The executive branch of the Student Assembly is consolidating, offering applicants just 30 positions instead of the 50 offered last year under the direction of the new president Kaveh Sadeghian ’12 and vice president Molly Bulman ’12. The positions and applications for those positions were posted on the SA website last week.
The executive branch, responsible for student advocacy on campus, is an extension of the president’s and vice president’s offices. It is composed of seven different departments, including the Department of Diversity Initiatives, the Department of Finance, the Department of Health and Safety, the Department of Public Engagement, the Department of Student Life, the Department of Student Rights and the Department of College Policy.
“Last year, we consolidated the executive [branch] from 87 people to 50 people, but 50 people was still a lot to manage,” Sadeghian said. “By reducing numbers, I hope to make SA members more accessible to students on campus.”
Sadeghian also expressed a desire to increase efficiency and improve coordination and teamwork among the different departments as a reason for the consolidation.
“The downside of having a large number of students in the executive is that it can be hard to manage that many people effectively,” former senator Ryan Ruzic J.D. ’11 said. “The president and vice president this year believe that they can get results with a smaller group of students.”
Ruzic and Sadeghian also mentioned that in past years the executive branch has struggled to maintain accountability from the numerous undersecretaries.
“Undersecretary retention was very difficult,” Sadeghian said.
Consolidation will take place in numerous departments. Bulman explained that the two biggest changes would be the merging of the Outreach and Student Life Departments, as well as the re-designing of the Public Affairs Department, which has now become the Department of Public Engagement.
“Kaveh and I spent about two weeks going through each executive position, evaluated its role in the overall organization, and spoke to former secretaries and undersecretaries about their experiences. Now, each position has a purpose and a place in the overall organization,” Bulman said of the streamlining process.
The new application offers students more of an opportunity to get creative.
“We included an optional submission form that accepted anything. We’ve been getting everything from resumes to funny photos,” Sadeghian said.

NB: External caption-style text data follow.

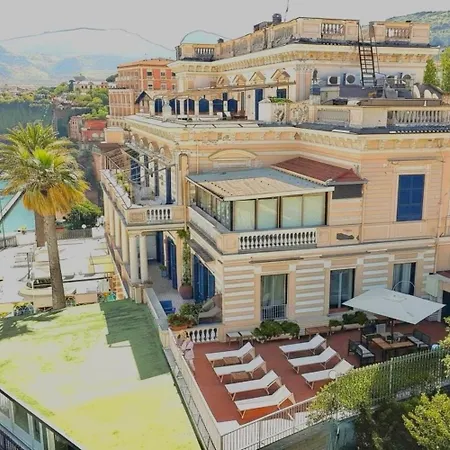 בית הארחה La Terrazza De Luxe 4*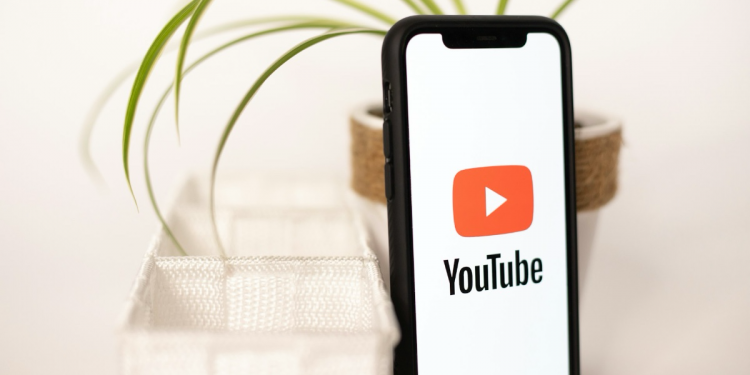 YouTube AI-generated video labels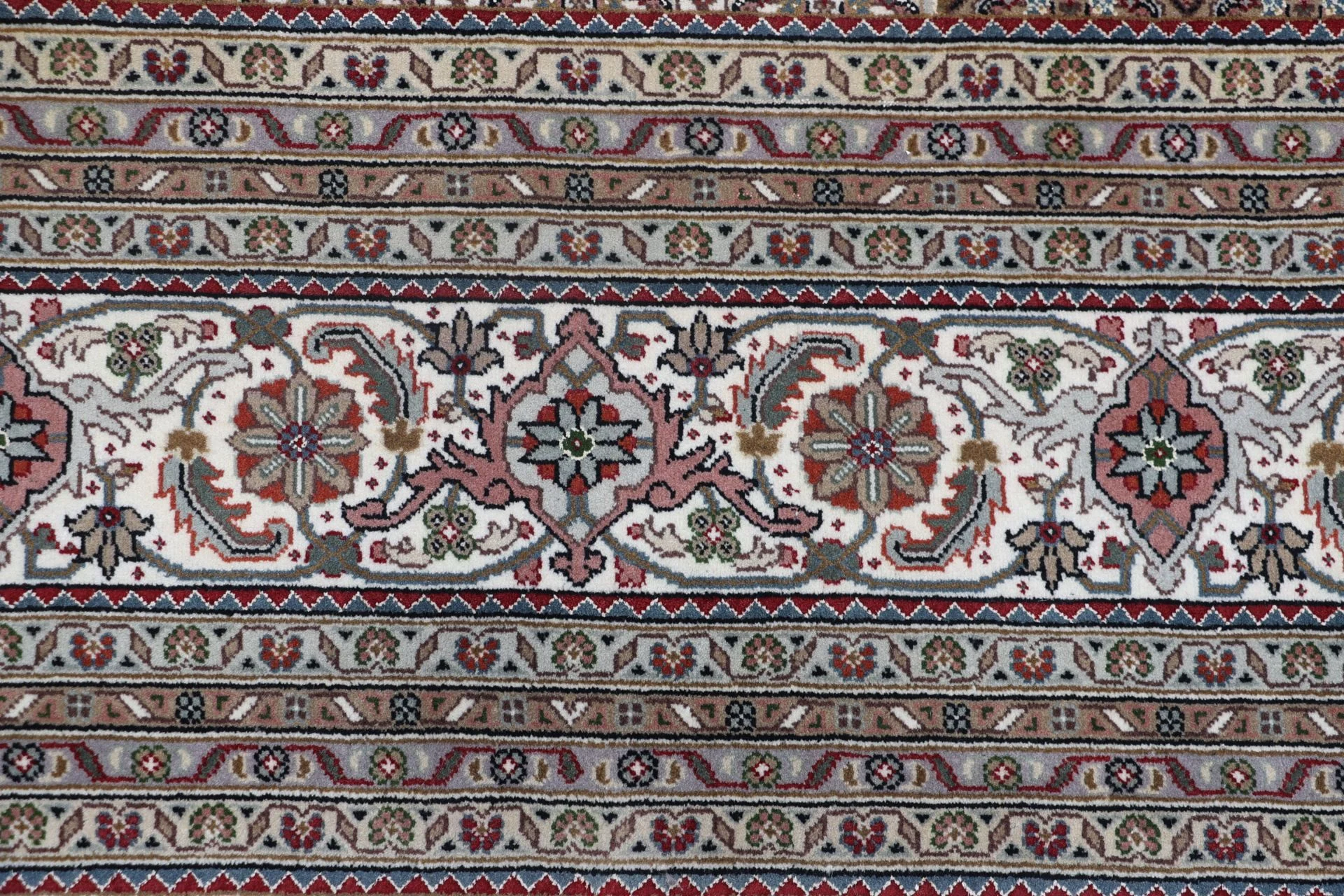 Hand-Knotted Wool Tabriz Indian Rug, 252 × 354 cm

Another change in the application was the creation of a “write-in” category. Applicants were given the opportunity to write in undersecretary positions they felt the SA was missing. Sadeghian and Bulman were so impressed with one of the write-ins that they offered the applicant the position she had created.
Ruzic supported the decision to consolidate.
“Kaveh and Molly believe that a smaller executive will help them better advocate for the many issues and needs of the students here at William and Mary,” Ruzic said. “We won’t ever really know the degree to which this decision affects the job they do, but if at the end of next year they’ve done a lot of good for the students, I think we can safely say they made the right choice.”